No comércio internacional, consagrou-se a ideia de que os países devem exportar produtos e serviços, e não tributos. E a Constituição Federal de 1988 chancelou essa ideia. Os dispositivos que imunizam produtos e serviços destinados ao exterior da incidência de impostos, bem como aquele que imuniza a receita decorrente de exportação da incidência de contribuições, revelam essa opção da Carta da República de desonerar de tributos os produtos e serviços destinados à exportação, de forma a garantir (ou, pelo menos, permitir) a competitividade deles no mercado internacional. Não custa transcrever os dispositivos da Constituição Federal que regem o assunto:

“Art. 155. Compete aos estados e ao Distrito Federal instituir impostos sobre:

(…) II – operações relativas à circulação de mercadorias e sobre prestações de serviços de transporte interestadual e intermunicipal e de comunicação, ainda que as operações e as prestações se iniciem no exterior;

Parágrafo 2º – O imposto previsto no inciso II atenderá ao seguinte:

X – não incidirá:
a) sobre operações que destinem mercadorias para o exterior, nem sobre serviços prestados a destinatários no exterior, assegurada a manutenção e o aproveitamento do montante do imposto cobrado nas operações e prestações anteriores (…)”

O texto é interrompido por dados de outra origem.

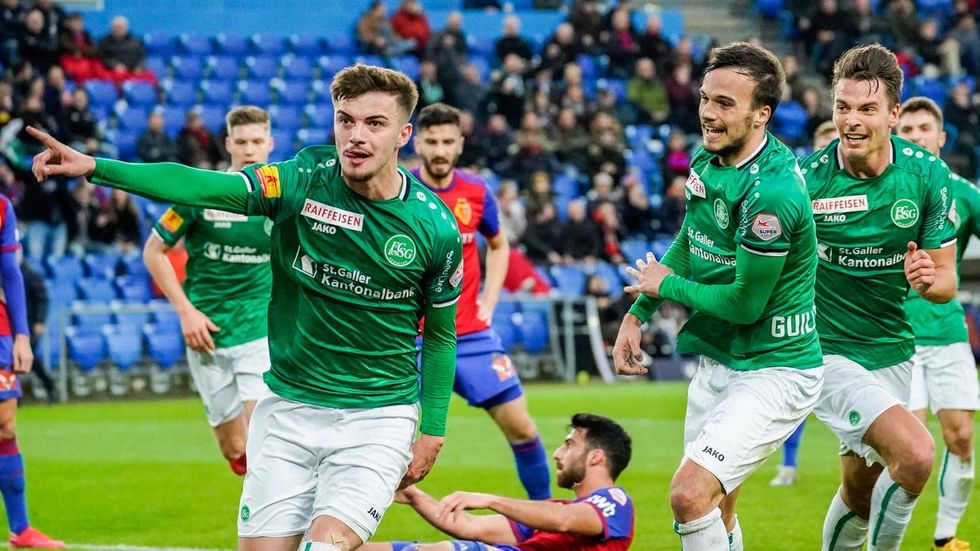 83a00cb8 6725 46db 9ee3 6c5cfed7821f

Atualmente, o Imposto de Exportação é plenamente justificado no caso do cigarro e das armas. Nesses exemplos, taxaram-se os produtos em um movimento de defesa do mercado, para se evitar que uma vez exportados retornassem ao nosso país de forma incorreta.

Diante desse conjunto de disposições constitucionais, a conclusão a que se chega é: imposto de exportação só deve ser instituído em situações excepcionais. E é por isso que a doutrina afirma que o imposto de exportação possui função extrafiscal, ou seja, essa espécie de imposto não serve (ao menos não exclusivamente) como forma de arrecadação, mas sim como instrumento de implementação de uma política pública, seja cambiária, econômica ou social.